> _What is needed_
Locate, in the data below, the line that contains "Smartphones anonymes montrant" and the line that contains "Avocado caprese salad summer side dishes."; reproduce exactly those two lines and every line between them, nothing more.
:: Provided data ::
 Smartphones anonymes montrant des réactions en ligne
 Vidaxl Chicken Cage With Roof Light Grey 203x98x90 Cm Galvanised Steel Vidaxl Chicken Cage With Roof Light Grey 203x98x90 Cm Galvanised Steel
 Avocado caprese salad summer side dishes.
:::
:: Provided data ::
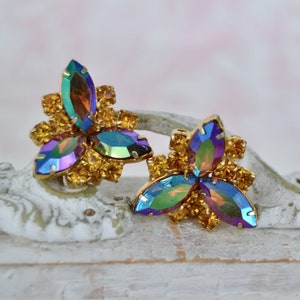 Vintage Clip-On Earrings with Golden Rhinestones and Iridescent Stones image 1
:::
:: Provided data ::
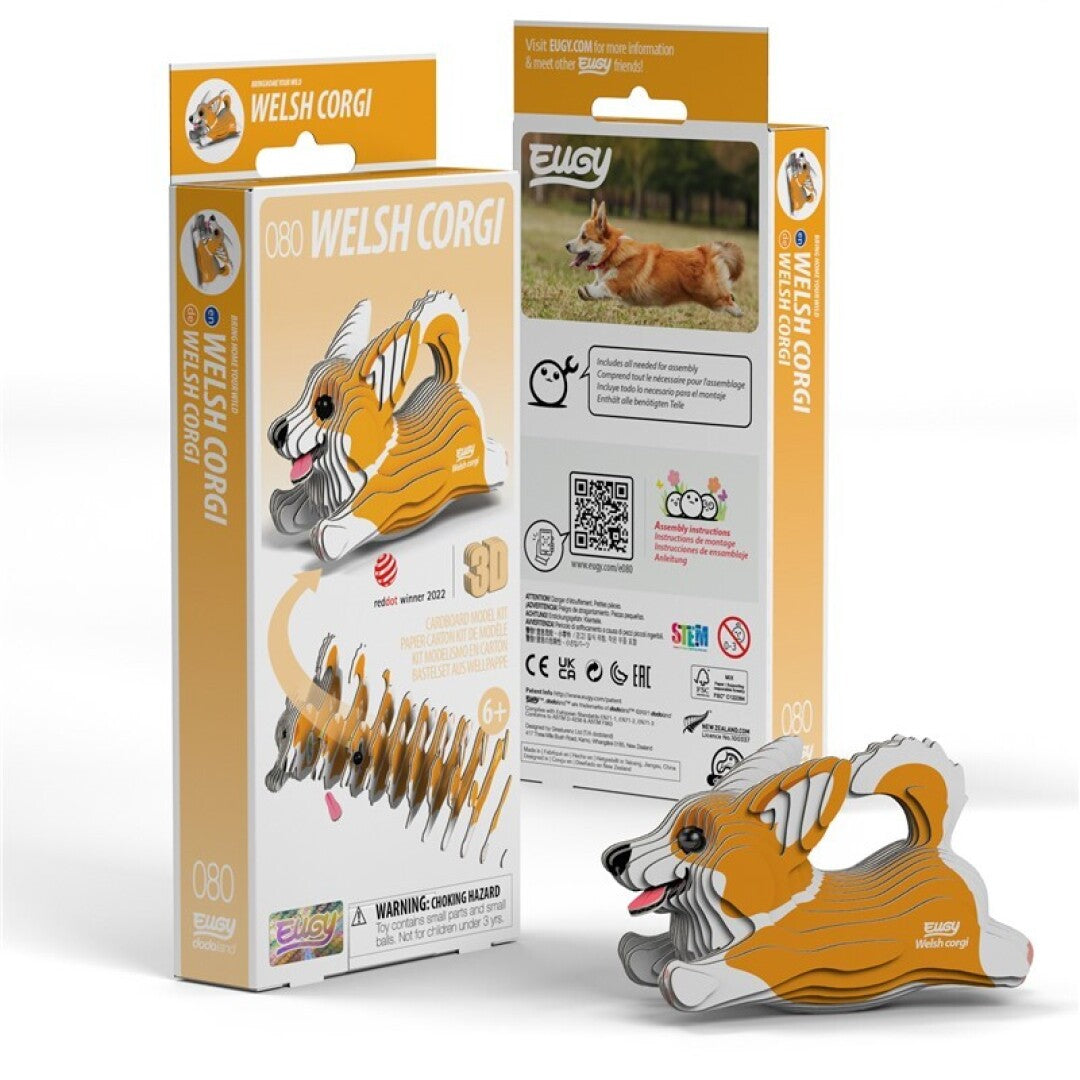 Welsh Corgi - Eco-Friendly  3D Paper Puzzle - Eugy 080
:::
> _Task solution_
 Smartphones anonymes montrant des réactions en ligne
 Vidaxl Chicken Cage With Roof Light Grey 203x98x90 Cm Galvanised Steel Vidaxl Chicken Cage With Roof Light Grey 203x98x90 Cm Galvanised Steel
 Avocado caprese salad summer side dishes.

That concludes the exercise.